2. Ban all forms of third-party embedded commissions (particularly trailing commissions) and encourage real price competition between mutual funds
Trailing commissions carry serious potential for conflicts of interest and present high, opaque costs to consumers. Mutual funds are marketed by manufacturers to "advisors" on the basis of how much advisors will earn in commissions - a perverse form of price competition where there are incentives to create more expensive products in order to increase compensation to incentivize advisors to sell their products. FAIR Canada wishes that securities regulators would seriously consider banning trailing commissions.

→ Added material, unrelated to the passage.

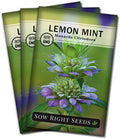 Sow Right Seeds - Lemon Mint Seed for Planting Perennial Medicinal Herb 3pk by SowRightSeeds
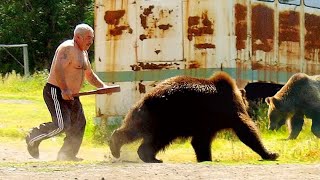 Unexpected Encounters With a Bear. Hungry Bears Attack Cities And Villages. by Victorious Nature 16,558 views 4 months ago 10 minutes, 47 seconds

At an absolute minimum, investors should be told of any costs or fees (including specifics about trailing commissions) clearly and in plain language both before they invest (in Fund Facts) and after (in annual cost reports). The investment fund industry's continued opposition to the disclosure of trailing commissions is an indication that the industry worries that if investors were aware of these costs they would question what services they received for the money they paid and would seek lower-cost alternatives.
3. Protect consumers from leveraged speculation in investment products
FAIR Canada is concerned about systemic risks presented by leverage in retail customers' investment accounts. We are concerned that some financial institutions irresponsibly promote borrowing to invest as an investment strategy despite the fact that in the vast majority of cases it is not appropriate for the consumer and despite the fact that Canadians are already heavily indebted. We have raised with securities regulators the issue of inappropriate practices and relationships between banks who provide investment loans (including related institutions) and registrants, where consumers may be encouraged to take out loans while they are still in their advisor's office. In particular, we recommend that regulators undertake targeted compliance reviews and canvass dealer member firms to determine the extent of this problem.
FAIR Canada wishes that regulators would address the issue of inappropriate recommendations of leveraged investing to retail consumers in order to provide an adequate level of protection. Leveraged sale of mutual funds, segregated funds and other high-fee financial products is not investment; it is speculation and clearly not suitable for the great majority of consumers.